:: LISTED RECORDS ::
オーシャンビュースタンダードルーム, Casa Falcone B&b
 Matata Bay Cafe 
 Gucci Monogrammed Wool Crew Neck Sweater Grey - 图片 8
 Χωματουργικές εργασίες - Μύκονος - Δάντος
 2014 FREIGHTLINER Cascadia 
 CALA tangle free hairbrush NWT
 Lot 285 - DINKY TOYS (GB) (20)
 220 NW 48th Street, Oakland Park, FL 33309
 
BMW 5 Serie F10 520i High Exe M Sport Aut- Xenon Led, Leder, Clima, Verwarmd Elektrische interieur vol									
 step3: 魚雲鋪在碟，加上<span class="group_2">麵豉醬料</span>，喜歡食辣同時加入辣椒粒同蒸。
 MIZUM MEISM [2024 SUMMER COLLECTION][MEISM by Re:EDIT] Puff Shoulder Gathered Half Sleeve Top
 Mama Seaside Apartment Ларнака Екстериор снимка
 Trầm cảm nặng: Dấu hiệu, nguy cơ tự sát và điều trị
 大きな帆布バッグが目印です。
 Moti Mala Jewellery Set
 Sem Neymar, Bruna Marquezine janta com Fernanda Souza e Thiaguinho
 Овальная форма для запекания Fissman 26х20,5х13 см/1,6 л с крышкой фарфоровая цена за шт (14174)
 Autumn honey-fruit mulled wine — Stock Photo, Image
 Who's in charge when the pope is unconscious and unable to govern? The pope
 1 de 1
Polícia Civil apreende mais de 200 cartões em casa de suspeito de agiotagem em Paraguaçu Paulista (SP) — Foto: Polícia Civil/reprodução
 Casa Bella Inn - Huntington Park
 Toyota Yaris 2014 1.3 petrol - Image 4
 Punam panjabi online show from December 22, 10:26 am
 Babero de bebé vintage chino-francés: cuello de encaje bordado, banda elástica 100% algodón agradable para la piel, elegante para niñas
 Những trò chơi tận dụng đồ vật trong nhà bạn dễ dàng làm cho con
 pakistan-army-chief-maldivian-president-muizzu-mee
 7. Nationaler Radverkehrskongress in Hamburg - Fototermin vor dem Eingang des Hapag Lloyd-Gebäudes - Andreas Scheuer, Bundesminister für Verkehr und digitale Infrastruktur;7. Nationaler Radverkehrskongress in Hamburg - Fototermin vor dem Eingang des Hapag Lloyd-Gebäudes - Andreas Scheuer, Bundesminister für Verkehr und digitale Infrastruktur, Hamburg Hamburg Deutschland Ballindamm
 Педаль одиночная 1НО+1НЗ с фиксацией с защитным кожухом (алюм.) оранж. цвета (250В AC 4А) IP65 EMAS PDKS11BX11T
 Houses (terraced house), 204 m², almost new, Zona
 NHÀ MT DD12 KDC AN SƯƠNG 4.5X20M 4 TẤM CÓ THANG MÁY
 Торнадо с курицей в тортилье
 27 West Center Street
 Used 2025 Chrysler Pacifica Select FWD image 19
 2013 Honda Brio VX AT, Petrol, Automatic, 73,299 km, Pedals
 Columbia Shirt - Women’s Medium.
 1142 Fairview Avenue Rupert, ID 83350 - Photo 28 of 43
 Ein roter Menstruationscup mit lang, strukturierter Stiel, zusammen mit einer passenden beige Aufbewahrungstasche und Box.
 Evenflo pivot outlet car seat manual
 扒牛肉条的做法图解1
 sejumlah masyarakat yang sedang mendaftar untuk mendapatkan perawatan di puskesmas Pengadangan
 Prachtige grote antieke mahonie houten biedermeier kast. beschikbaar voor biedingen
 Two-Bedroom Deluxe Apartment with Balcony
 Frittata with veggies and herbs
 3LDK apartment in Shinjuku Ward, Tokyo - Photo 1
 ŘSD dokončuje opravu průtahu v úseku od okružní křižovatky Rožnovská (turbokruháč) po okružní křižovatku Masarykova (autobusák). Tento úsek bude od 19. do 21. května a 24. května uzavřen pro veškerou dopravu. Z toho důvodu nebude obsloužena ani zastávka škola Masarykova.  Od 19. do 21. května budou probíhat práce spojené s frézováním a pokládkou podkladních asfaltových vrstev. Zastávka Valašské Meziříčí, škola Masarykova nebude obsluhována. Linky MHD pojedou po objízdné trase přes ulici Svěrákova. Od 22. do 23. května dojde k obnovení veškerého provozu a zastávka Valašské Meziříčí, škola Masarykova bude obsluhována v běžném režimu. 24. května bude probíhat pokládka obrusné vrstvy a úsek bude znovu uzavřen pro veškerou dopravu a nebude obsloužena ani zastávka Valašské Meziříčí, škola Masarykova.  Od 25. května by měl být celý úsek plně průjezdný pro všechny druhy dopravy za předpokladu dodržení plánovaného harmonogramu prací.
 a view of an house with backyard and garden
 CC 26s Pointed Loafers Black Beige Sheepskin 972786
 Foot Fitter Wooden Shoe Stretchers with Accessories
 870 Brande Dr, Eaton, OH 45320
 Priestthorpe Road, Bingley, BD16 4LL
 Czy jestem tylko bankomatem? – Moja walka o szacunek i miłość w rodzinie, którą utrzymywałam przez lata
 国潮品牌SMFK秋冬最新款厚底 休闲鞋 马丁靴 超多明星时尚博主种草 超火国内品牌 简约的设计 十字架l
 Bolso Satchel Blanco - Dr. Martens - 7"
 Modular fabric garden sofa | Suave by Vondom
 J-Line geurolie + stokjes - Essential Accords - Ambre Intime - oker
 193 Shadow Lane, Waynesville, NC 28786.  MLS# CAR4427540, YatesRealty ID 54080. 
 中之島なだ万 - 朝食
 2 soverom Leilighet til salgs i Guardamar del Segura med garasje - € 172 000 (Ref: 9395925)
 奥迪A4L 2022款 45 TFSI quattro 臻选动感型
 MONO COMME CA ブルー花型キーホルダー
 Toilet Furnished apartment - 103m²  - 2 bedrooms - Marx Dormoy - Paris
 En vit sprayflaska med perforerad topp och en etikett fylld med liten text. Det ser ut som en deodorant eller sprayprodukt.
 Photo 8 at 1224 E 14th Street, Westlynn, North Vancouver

:: WORK TASK ::
The exact lines of the material above starting at the one that contains "Овальная форма для" and ending at the one that contains "Punam panjabi online" are what to retype; leave out everything else.

:: YOUR RESPONSE ::
 Овальная форма для запекания Fissman 26х20,5х13 см/1,6 л с крышкой фарфоровая цена за шт (14174)
 Autumn honey-fruit mulled wine — Stock Photo, Image
 Who's in charge when the pope is unconscious and unable to govern? The pope
 1 de 1
Polícia Civil apreende mais de 200 cartões em casa de suspeito de agiotagem em Paraguaçu Paulista (SP) — Foto: Polícia Civil/reprodução
 Casa Bella Inn - Huntington Park
 Toyota Yaris 2014 1.3 petrol - Image 4
 Punam panjabi online show from December 22, 10:26 am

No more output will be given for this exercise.